Beaucoup ont été instantanément réduits en cendres. D'autres sont morts dans d'atroces souffrances quelques minutes, heures, jours ou semaines après les attaques, à la suite de brûlures, de blessures causées par l'explosion ou d'un syndrome d'irradiation aiguë. Et de nombreux autres sont morts des années, voire des décennies plus tard, de cancers et d'autres maladies liés aux radiations. Ceci est la réalité d’une arme de destruction massive.
Les armes nucléaires sont conçues pour détruire des villes, tuer et mutiler des populations entières ce qui signifie que tous les présidents et chefs de gouvernement qui mette en œuvre une politique de défense basée sur la dissuasion nucléaire et qui donc ont la charge de donner cet ordre en sont conscient. Ils acceptent la possibilité de violer le droit international humanitaire.
L’arsenal de la France est capable selon les mots très récents de l’amiral Vandier « de réduire en poussière l’équivalent de la superficie française en Russie ». Ce qui ne signifierait, je rajoute, rien d'autre qu’une population française réduite aussi en poussière.

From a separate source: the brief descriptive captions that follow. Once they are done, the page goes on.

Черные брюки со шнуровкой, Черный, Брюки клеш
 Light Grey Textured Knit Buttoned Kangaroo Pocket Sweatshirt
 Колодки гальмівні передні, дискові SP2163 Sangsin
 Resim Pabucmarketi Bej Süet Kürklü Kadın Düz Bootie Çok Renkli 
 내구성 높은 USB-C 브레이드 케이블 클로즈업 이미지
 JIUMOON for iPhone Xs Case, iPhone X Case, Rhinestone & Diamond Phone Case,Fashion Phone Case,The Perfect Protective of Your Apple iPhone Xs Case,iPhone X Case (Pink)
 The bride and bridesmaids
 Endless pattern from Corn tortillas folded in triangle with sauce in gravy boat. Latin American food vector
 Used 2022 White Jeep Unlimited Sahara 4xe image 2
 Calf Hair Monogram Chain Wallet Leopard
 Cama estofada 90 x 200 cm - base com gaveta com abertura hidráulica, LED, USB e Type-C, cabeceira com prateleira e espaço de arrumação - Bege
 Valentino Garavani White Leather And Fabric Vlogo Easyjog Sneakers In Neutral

Certains diront, que ce n’est que de la dissuasion. Cette stratégie étrange et complexe qui implique pour le chef d’État une attitude rationnelle, pour montrer à son adversaire sa volonté « d’appuyer sur le bouton », tout en étant prêt à réaliser un geste irrationnel, car il entraînerait un effondrement de toute vie sur terre. Cette stratégie repose donc sur un pari, sur l’espoir, que l’autre va reculer, et en ultime recours nous avons - en tout cas eu jusqu’à présent - le facteur chance comme à Cuba, qui peut miraculeusement intervenir pour éviter une guerre nucléaire.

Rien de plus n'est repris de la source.